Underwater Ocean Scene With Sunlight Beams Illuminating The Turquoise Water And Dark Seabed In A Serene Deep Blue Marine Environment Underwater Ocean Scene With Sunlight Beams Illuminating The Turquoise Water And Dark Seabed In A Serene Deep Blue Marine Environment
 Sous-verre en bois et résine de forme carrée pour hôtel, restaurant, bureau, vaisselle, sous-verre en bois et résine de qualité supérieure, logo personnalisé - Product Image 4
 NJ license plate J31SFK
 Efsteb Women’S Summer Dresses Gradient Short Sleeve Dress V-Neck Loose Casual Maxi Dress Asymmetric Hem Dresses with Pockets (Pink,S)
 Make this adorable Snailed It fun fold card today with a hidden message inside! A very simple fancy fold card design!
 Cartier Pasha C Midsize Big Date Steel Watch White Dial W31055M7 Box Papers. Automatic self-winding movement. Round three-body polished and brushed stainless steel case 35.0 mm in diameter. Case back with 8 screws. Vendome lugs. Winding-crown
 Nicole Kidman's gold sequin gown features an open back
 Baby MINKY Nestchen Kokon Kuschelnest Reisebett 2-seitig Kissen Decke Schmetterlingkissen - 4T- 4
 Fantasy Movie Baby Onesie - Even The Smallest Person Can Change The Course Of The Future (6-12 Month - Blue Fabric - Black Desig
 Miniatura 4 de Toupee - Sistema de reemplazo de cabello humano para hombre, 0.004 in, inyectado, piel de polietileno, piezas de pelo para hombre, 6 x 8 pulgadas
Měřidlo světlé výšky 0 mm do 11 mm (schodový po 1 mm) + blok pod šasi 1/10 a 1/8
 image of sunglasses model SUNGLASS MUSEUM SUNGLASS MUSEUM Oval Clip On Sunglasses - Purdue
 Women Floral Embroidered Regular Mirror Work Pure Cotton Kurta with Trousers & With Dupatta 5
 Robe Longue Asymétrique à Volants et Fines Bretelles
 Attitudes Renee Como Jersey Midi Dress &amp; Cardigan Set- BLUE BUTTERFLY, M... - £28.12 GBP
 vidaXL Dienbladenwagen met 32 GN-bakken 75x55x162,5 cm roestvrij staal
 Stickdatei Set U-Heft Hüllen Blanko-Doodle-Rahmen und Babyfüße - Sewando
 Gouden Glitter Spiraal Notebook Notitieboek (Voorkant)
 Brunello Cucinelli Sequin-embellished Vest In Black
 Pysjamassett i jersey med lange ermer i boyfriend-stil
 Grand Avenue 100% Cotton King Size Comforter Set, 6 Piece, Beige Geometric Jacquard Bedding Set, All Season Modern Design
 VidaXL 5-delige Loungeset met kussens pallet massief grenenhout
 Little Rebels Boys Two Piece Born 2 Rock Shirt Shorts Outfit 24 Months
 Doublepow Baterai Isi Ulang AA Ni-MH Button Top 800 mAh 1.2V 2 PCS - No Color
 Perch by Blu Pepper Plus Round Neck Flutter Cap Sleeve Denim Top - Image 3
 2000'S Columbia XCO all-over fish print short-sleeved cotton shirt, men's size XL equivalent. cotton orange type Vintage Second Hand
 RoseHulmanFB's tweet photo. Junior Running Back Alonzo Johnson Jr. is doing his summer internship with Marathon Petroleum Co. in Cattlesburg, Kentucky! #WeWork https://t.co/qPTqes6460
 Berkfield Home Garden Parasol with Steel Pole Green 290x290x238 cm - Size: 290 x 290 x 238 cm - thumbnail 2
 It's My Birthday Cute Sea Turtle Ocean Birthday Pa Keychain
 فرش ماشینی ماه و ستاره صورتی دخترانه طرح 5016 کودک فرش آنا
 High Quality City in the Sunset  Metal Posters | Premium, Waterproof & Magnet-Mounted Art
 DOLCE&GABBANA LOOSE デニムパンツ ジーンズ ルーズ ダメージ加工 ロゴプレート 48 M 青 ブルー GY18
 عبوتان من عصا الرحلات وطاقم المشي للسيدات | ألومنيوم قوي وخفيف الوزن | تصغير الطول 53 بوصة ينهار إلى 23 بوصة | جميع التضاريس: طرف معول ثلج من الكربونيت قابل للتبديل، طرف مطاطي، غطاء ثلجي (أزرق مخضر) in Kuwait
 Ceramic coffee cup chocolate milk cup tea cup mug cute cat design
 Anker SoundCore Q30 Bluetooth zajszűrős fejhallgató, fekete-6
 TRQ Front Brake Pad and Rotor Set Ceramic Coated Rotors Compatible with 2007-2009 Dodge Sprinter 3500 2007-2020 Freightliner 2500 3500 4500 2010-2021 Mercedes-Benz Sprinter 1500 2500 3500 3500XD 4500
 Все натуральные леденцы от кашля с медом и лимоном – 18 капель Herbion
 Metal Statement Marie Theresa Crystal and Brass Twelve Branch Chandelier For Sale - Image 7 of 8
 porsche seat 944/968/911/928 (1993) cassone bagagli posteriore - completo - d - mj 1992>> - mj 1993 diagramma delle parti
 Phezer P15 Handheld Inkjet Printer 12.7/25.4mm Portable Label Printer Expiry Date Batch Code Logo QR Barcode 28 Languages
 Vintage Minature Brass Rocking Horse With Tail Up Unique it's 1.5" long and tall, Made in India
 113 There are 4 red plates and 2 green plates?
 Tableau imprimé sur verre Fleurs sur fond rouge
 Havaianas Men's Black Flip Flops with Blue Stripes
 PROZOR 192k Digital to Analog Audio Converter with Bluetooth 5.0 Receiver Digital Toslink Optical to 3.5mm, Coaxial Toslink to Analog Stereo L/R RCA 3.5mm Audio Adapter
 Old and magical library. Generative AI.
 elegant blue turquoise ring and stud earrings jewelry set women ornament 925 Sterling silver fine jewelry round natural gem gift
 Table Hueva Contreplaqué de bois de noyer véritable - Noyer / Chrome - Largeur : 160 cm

• _To do_: Within the listing above, each line containing "Steel" is counted once; report the total and nothing else.

• _Response for this exercise_: 2